FIG. 2 of the attached drawing shows a simplified block diagram of the Global System for Mobile communications (GSM). A mobile station MS is connected over a radio path to a base transceiver station BTS, in FIG. 2 to BTS1. A base station controller BSC controls the operation of the base transceiver stations BTS dedicated to it. A base station sub-system BSS comprises the base station controller BSC and base transceiver stations BTS controlled by the base station controller BSC. A mobile services switching centre MSC usually controls several base station controllers BSC. The mobile services switching centre MSC is connected to other mobile services switching centres and the GSM network is connected via a gateway mobile services switching centre GMSC to other networks such as a public switched telephone network PSTN, another land mobile network PLMN or an ISDN network. The operation of the entire system is controlled by an operation and maintenance centre OMC.

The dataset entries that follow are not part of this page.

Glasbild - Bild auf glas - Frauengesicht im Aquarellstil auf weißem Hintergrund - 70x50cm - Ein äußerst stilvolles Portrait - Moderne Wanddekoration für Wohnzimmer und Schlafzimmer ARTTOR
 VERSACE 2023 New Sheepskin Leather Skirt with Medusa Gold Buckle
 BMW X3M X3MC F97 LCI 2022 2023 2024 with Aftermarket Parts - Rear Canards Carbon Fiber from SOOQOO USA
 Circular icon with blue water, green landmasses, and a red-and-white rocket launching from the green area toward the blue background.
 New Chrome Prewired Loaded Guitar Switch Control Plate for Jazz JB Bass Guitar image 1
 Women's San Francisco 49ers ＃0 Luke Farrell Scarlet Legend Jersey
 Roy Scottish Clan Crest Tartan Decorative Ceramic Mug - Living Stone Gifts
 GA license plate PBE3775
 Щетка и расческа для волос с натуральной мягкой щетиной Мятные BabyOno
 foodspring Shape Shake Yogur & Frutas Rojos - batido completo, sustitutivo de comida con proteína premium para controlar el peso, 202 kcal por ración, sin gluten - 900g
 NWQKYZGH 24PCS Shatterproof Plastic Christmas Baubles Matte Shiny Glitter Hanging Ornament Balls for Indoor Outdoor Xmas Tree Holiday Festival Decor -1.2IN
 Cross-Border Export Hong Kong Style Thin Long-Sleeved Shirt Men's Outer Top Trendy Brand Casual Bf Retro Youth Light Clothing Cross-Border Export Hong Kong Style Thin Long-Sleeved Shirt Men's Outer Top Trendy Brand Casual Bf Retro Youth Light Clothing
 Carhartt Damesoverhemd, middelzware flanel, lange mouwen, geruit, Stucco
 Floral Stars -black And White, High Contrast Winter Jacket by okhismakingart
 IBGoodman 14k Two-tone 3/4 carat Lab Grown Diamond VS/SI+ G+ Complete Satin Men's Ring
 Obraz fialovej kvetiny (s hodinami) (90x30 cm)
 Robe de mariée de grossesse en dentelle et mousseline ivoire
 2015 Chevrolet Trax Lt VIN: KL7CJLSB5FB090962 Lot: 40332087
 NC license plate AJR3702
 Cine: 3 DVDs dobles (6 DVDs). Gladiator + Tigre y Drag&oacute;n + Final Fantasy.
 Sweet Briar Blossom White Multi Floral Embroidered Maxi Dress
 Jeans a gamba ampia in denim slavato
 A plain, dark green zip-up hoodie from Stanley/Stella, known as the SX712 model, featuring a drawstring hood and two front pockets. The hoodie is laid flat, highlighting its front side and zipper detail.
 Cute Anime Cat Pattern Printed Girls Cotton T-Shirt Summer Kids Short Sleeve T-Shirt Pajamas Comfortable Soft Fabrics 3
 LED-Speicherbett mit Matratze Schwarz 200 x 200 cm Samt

The subscriber information of a mobile station MS is stored permanently in the home location register HLR of the system and temporarily in the visitor location register VLR of the area in which the mobile station MS is currently located. During location update, the information stating the visitor location register VLR, whose area the mobile station MS is in, is updated to the home location register HLR. The location information of the mobile station MS is stored in the visitor location register VLR with an accuracy of the location area LA. The geographical area controlled by the visitor location register is divided into one or several location areas LA, which can each have one or several base transceiver stations BTS. Each base transceiver station BTS continuously transmits information for all of the mobile stations on its broadcast channel. This information includes the base station identity code BSIC, the location area identifier LAI and information about the frequencies of the neighboring base stations to be measured by the mobile stations MS. When the mobile station MS moves so that the received location area identifier changes, the mobile station starts the location update for the network.
The location information in the subscriber information of the mobile station is used, for example, for routing calls. In a mobile communications system of the GSM type, a mobile terminating call is routed to the mobile services switching centre MSC of the current location area of the mobile station MS according to the location information in the home location register HLR. On the basis of the information in the visitor location register VLR, a paging message is sent for the mobile station MS on the paging channels of all of the base transceiver stations BTS of the current location area. After the mobile station MS has responded, the call is connected on a channel of that base transceiver station BTS through which the mobile station MS responded to the paging message. A mobile communications network identifies the mobile station MS on the basis of the international mobile subscriber identity IMSI stored on the SIM card of the mobile station MS and/or on the basis of the temporary mobile subscriber identity TMSI given by the visitor location register VLR to the mobile station MS.
Cellular radio networks such as the GSM system described above are designed only for terrestrial use. Therefore, it is not possible to use a mobile station of terrestrial type in an aircraft, especially as it is forbidden by the authorities. Also the moving nature of an aircraft presents a problem. In the aircraft telephone system described above, the problem is the fact that the system can only route a few simultaneous calls. Additionally, the calls are charged on a credit card and passengers cannot receive calls during the flight.
The object of this invention is to enable call routing between a moving target, such as an aircraft or a ship, and a public land mobile communications network.
This is achieved by using a method according to the invention characterized by what is stated in the independent claim 1. Specific embodiments of the invention are presented in the dependent claims.
The invention relates also to a radio system characterized by what is stated in the independent claim 7.
The invention is based on the idea of routing the calls between the mobile services switching centre and the ground earth station via a dedicated control unit in a mobile communications system. Between the ground earth station and a moving cell, such as an aeronautical cellular network (ACNW) in an aircraft, the calls are routed via a satellite.
The advantage in this kind of call routing is that it is suitable for routing calls from subscribers of any cellular networks even when the terrestrial networks are not compatible. The method can also be used, for example, in routing data or signaling messages. An additional benefit is the fact that charging is handled by the subscriber""s operator.
The method according to the invention also has the advantage of minimizing signaling in the network. The reachability of the subscriber is also made better.
The advantage of the radio system according to the invention is that the call relaying capacity can be arranged to be sufficient.